When someone challenges you to think of the worst weather possible, your mind probably pictures something like the summit of Mount Washington. You know: rainy, windy, with sub-zero temperatures in both Celsius (cold) and Fahrenheit (deadly). But that’s not the only way the Earth can kill you.
Get stuck somewhere too hot or dry, for example, and you’ll end up just as dead as the unfortunate inhabitants of Rainbow Valley. A surfeit of sand can kill you from half a continent away. If you’re really unlucky, you might simply die of irony: succumbing to dehydration while technically surrounded by water.
Where can all this happen?
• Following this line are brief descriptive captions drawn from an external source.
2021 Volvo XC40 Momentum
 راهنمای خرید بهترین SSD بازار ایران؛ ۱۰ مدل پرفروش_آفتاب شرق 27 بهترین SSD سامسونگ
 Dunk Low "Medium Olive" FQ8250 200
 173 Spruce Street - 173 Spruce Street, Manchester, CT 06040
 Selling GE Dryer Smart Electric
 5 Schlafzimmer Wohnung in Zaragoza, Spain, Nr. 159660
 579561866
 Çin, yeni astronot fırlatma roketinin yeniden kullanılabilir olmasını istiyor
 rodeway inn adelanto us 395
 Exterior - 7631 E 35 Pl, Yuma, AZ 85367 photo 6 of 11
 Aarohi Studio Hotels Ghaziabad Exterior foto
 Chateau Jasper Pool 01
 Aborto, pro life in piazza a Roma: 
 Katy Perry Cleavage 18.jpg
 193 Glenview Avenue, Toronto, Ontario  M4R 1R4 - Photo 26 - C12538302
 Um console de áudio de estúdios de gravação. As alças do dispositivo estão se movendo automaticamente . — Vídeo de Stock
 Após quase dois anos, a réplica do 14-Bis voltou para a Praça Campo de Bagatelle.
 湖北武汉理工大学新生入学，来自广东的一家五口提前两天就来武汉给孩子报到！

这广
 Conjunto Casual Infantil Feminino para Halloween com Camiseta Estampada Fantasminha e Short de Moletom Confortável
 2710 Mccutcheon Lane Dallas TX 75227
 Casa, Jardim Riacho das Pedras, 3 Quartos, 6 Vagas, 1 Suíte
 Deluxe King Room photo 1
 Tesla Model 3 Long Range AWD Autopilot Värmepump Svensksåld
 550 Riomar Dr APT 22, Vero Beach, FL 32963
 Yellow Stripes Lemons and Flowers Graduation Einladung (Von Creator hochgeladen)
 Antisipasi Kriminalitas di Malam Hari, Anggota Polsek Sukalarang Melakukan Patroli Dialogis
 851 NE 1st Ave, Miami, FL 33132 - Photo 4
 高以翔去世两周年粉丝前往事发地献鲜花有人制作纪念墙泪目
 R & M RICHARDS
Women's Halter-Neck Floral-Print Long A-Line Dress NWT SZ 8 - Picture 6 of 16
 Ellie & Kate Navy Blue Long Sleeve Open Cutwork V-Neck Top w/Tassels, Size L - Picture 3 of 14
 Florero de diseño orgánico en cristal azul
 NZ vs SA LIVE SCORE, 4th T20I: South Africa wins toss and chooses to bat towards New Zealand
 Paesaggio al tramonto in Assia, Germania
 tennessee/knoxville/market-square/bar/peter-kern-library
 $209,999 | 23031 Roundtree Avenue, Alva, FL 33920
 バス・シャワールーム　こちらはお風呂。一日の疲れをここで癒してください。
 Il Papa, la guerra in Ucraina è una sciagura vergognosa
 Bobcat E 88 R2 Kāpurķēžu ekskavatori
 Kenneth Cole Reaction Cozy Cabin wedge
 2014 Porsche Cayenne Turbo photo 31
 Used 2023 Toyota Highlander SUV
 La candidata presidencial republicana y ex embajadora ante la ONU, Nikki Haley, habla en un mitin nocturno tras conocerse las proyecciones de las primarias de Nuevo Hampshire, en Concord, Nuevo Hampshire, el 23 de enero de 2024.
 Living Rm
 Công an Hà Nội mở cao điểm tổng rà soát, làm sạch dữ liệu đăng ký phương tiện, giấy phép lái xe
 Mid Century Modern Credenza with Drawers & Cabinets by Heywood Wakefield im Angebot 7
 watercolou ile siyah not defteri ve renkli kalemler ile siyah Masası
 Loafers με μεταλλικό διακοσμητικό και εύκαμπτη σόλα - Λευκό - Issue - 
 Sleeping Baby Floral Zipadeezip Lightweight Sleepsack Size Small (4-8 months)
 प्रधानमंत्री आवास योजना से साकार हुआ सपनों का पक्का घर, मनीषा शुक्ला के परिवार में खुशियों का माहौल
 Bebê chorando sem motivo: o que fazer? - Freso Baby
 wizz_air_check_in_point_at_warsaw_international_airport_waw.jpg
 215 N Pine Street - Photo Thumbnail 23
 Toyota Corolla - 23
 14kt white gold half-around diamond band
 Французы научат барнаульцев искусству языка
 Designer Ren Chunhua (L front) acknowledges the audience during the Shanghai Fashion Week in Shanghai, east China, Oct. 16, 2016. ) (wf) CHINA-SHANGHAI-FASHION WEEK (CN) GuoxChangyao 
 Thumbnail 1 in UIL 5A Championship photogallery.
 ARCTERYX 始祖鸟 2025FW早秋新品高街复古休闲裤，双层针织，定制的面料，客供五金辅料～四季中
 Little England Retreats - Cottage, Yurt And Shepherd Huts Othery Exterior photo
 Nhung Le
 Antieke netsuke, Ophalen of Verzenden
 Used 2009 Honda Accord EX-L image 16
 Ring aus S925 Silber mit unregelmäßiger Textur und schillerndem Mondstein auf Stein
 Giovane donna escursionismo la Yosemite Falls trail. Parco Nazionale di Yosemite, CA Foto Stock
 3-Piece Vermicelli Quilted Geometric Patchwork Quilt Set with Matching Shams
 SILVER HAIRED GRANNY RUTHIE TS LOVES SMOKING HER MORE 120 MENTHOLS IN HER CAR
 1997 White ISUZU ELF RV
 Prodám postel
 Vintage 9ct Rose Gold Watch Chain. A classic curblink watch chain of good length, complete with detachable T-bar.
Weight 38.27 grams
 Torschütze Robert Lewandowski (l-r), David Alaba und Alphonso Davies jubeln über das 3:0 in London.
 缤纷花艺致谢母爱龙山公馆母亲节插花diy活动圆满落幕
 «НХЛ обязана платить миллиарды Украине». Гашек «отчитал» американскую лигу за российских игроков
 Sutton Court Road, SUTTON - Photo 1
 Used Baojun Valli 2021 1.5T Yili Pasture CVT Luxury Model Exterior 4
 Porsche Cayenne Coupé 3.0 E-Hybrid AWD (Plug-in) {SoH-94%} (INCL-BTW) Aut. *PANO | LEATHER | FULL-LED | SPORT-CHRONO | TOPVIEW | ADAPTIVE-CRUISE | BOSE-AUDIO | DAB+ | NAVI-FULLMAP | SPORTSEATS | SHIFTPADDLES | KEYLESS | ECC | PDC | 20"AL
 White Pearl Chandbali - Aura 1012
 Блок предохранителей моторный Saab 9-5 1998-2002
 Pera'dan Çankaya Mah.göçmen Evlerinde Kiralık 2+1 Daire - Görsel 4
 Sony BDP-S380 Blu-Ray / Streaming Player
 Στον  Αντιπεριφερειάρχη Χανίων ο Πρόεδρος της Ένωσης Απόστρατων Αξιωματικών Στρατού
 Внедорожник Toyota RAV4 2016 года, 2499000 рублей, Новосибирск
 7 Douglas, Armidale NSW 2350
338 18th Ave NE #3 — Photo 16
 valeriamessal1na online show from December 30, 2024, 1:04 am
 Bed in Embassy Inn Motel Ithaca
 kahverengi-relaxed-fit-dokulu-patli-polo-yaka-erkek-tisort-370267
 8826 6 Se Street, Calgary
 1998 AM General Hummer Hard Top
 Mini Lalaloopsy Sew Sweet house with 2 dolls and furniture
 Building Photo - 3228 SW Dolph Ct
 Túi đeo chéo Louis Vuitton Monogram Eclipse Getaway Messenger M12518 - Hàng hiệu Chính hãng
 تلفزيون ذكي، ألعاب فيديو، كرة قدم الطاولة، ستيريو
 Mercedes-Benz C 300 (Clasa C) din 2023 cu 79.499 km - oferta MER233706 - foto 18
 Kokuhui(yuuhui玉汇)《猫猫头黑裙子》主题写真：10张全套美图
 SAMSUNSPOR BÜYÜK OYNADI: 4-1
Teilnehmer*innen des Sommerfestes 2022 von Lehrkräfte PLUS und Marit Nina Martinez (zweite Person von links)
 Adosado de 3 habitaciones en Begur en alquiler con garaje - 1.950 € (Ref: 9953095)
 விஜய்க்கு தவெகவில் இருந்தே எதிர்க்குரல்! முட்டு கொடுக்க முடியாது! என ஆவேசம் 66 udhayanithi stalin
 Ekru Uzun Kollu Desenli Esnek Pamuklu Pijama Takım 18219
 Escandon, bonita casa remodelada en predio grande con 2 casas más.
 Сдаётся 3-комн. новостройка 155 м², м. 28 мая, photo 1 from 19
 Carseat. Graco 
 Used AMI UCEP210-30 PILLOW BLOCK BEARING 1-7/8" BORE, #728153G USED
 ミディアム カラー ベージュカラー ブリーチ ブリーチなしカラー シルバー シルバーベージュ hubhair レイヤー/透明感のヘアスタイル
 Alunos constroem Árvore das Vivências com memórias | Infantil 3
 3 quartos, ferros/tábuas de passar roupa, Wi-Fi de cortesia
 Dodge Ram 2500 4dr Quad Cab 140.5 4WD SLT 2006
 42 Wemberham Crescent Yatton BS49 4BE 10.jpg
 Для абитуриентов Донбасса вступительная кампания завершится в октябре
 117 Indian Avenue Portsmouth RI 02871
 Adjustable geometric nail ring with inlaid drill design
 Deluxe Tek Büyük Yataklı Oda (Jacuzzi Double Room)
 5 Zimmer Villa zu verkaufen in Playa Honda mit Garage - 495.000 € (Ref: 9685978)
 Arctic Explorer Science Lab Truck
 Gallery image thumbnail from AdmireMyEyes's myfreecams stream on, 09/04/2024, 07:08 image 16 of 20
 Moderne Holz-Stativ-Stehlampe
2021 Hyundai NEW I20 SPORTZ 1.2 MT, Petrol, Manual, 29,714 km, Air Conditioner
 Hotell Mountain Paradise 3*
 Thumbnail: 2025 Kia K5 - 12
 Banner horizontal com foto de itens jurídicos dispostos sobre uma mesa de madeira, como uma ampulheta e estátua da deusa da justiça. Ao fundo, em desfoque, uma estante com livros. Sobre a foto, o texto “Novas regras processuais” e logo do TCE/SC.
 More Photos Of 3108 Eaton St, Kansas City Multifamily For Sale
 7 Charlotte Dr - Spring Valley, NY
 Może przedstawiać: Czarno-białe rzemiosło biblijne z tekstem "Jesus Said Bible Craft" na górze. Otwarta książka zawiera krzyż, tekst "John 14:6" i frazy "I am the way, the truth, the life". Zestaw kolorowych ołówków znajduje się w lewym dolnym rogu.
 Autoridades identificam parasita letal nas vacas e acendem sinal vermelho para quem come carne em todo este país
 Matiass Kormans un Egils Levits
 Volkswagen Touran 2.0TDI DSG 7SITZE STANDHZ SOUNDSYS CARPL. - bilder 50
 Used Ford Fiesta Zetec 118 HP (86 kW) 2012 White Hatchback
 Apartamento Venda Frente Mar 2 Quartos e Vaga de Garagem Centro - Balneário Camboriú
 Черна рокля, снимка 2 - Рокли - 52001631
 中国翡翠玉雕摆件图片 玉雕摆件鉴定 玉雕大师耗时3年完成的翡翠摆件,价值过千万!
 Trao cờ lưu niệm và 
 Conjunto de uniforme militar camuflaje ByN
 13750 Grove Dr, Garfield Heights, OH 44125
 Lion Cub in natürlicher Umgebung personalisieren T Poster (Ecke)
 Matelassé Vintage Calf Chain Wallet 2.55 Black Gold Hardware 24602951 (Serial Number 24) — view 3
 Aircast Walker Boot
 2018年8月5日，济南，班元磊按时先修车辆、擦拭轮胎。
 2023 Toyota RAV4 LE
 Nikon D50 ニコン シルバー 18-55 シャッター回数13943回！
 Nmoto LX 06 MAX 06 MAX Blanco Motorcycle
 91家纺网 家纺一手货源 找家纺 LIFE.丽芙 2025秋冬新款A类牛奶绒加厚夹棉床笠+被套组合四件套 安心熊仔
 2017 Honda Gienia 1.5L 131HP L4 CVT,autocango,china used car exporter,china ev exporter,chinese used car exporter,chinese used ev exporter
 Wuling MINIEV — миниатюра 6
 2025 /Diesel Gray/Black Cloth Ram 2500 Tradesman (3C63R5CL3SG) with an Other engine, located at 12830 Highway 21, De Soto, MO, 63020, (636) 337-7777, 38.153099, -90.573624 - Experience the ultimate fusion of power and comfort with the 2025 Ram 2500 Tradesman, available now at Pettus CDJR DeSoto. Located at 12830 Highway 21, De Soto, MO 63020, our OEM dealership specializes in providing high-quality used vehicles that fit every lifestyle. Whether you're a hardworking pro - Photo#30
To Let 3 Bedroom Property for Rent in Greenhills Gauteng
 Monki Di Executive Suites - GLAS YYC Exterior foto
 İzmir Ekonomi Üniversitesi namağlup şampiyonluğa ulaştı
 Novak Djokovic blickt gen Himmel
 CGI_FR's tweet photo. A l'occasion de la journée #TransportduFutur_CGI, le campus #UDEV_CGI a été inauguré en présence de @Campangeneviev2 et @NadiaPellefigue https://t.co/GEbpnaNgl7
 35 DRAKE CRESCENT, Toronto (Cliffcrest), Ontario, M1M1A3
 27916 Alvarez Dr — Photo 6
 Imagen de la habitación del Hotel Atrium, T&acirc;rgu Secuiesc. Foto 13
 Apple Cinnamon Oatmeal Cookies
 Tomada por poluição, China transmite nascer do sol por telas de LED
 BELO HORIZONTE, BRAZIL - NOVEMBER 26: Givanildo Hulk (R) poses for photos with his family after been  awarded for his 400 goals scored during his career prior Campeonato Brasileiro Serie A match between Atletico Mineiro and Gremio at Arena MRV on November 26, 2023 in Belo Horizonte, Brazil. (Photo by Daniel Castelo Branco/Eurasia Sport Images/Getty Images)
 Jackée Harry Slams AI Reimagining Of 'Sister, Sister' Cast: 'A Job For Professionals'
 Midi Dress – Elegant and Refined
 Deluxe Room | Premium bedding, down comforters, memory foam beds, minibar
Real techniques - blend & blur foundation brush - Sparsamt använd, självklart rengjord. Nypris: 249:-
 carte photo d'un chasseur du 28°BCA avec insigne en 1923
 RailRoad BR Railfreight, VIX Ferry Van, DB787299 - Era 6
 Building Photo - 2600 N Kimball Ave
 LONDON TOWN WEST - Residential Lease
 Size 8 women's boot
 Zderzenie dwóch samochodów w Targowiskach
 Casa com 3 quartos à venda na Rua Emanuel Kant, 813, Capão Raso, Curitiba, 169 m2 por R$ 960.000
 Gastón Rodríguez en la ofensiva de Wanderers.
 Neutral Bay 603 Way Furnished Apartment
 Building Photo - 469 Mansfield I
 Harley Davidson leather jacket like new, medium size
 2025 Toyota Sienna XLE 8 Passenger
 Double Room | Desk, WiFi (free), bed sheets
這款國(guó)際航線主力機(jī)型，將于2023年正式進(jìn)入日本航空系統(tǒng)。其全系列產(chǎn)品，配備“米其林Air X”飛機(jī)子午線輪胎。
In the planet’s deserts – the drama queens of our supposedly blue-and-green Eden.
So why, exactly, do they have to be Like That?
The hottest place on Earth: Death Valley
Even for the healthiest of people, extreme heat can be deadly in a matter of hours. With that in mind, the place with the highest recorded temperature on Earth has a very fitting name: it’s Death Valley.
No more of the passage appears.